Pinduoduo has been executing extraordinarily well

Pinduoduo was an outlier in the Chinese e-commerce industry. Founded in 2015, it quickly became the second-largest e-commerce company in China with 882 million active buyers as of March 31 -- Alibaba Group was the largest with 903 million buyers.

The company grew quarterly revenue from zero to 31.4 billion yuan ($4.7 billion) in less than seven years. And in the second quarter, revenue advanced 36% year over year. Excluding merchandise sales, revenue rose even more, up 49%. That's a remarkable performance if you consider Alibaba reported flat revenue, while JD.com grew revenue just 5% in the latest quarter.

Besides growing its top line, Pinduoduo also improved its profitability in the quarter as operating profit surged 335% to 8.7 billion yuan ($1.3 billion). A growing top line and higher margin contributed to the growth of the bottom line.

Pinduoduo's latest performance assures investors that it is a significant player in the Chinese e-commerce market and one with staying power. It also further reduces any concern about whether Chen Lei, the CEO (and chairman), could deliver after taking over the leadership role in July 2020. So far, Chen has done a good job scaling Pinduoduo's business over the last two years.

In short, Pinduoduo has proven it is a force to be reckoned with in the Chinese e-commerce industry, despite its young age.

U.S. and Chinese officials signed a new audit deal

Historically, it has been difficult for U.S. regulators to access complete audit information of U.S.-listed Chinese companies. To address this issue, the U.S. passed the Holding Foreign Companies Accountable Act in 2020, forcing the SEC to take stern action -- such as delisting -- against non-compliant companies. Understandably, investors fled U.S.-listed Chinese stocks altogether.

On Aug. 26, the China Securities Regulatory Commission and U.S. Public Company Accounting Oversight Board reached a landmark agreement for cooperation on audit paper inspection, allowing U.S. regulators to inspect the auditors of U.S.-listed Chinese companies.

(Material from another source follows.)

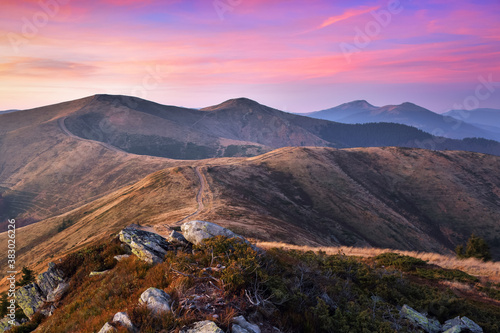 Landscape with amazing sunrise. Autumn morning in high mountains. Natural scenery. A place to relax in the Carpathian Park.
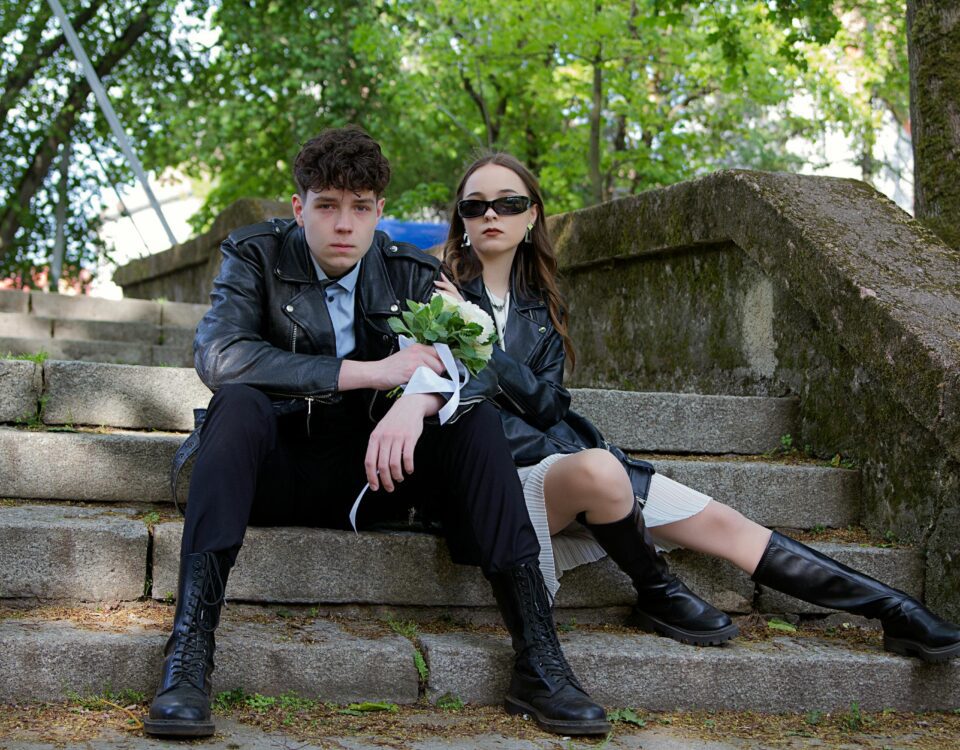 Young couple in leather jackets sitting on outdoor steps holding flowers, showcasing modern style.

The agreement is a huge step forward since it indicates both parties are willing to work together to resolve this challenge. For investors, this development significantly reduces the delisting risks that impacted companies face, potentially leading to a revaluation of Chinese stocks.

A leading e-commerce platform in China, Pinduoduo was a natural choice for many fund managers seeking exposure to this industry abroad. Yet, the ever-growing risks of investing in Chinese companies -- especially over the last two years -- made it unappetizing for U.S. fund managers to invest in Chinese stocks. If this agreement holds, fund managers may look for opportunities among Chinese companies once again, including Pinduoduo.

Still, investors should not get overly excited about this recent development. The current deal marks the beginning of a long journey for regulators from both sides to cooperate on oversight and governance. But for the relationship to work over the long term, the Chinese government must first keep its promise. Investors will soon glimpse the Chinese government's attitude when officials from the U.S. conduct their first inspection in Hong Kong around mid-September.

Until then, it will be safer for investors to watch from the sidelines.